The USCCB has launched yet another one-off website, this time for Advent and Christmas, 2009. I commend their willingness to continually push tons of new data out to the Catholics in the US through these one-off websites (Health Care Reform, New Roman Missal Translation, et all), but I wonder if they are starting to consider more long-term solutions to the problem of creating mass quantities of different HTML-only websites that don't really seem to fit together or use any kind of CMS.

Some oddities in source code aside, what happens if the USCCB wants to change its logo across all these websites. Right now, it seems the title bar is the same across all the sites, which is good, but they'd still have to update a plethora (thousands upon thousands, in fact) of html / shtml pages with the updated code for a new menu, and many instances of the logo.gif file.

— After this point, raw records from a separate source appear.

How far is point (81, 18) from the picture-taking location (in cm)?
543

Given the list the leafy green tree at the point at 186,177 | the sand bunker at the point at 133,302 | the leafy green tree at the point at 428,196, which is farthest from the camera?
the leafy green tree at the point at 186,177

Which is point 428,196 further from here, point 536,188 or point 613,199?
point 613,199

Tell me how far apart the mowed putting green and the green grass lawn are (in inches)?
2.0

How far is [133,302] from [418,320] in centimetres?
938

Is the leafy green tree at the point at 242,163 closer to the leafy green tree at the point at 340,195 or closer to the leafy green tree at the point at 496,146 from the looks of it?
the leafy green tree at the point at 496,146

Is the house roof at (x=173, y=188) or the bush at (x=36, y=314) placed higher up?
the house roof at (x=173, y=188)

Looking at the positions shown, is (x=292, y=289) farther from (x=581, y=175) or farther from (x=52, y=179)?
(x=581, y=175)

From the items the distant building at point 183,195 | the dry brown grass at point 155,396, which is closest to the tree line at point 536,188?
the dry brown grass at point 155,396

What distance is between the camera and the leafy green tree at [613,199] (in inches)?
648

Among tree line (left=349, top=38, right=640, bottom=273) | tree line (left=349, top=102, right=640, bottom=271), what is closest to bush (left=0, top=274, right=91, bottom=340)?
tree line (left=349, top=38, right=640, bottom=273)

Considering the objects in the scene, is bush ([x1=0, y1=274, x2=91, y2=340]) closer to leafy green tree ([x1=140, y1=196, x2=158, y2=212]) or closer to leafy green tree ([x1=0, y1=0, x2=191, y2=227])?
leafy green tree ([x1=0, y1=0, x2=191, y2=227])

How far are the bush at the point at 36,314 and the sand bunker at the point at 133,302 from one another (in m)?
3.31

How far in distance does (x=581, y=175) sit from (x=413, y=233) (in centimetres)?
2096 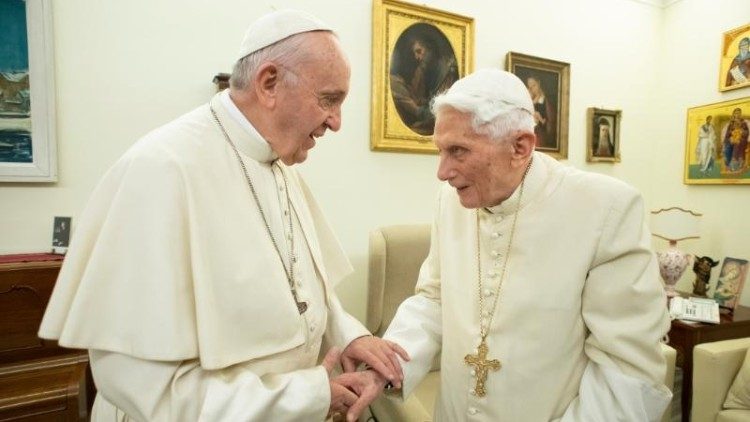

Everything I'm trying to do in my work, I do it with an eye not towards the end of this year, or even five years down the road. Rather, I'm hoping that the seeds I plant today, with regard to data structures and data presentation (which should always be separated!), will germinate and be able to continue to grow, expand, and flourish for at least the next 20, 50, 100 years.

So many data-intensive projects reside in individual HTML files in Church work - we need to move towards using open, accessible data formats, databases, and markup in our work, so that we can preserve and continually improve our Catholic data online in the years to come.

HTML files are fine, in my opinion, if they are the front end to a good database backend (for instance, if you're caching pages from a CMS, or if you're generating a version of the file from a database, which can be updated from the database later). Let data be data, and presentation show that data in various ways. This is the only road we can follow if we want to continue to grow on the Internet, and on the semantic web.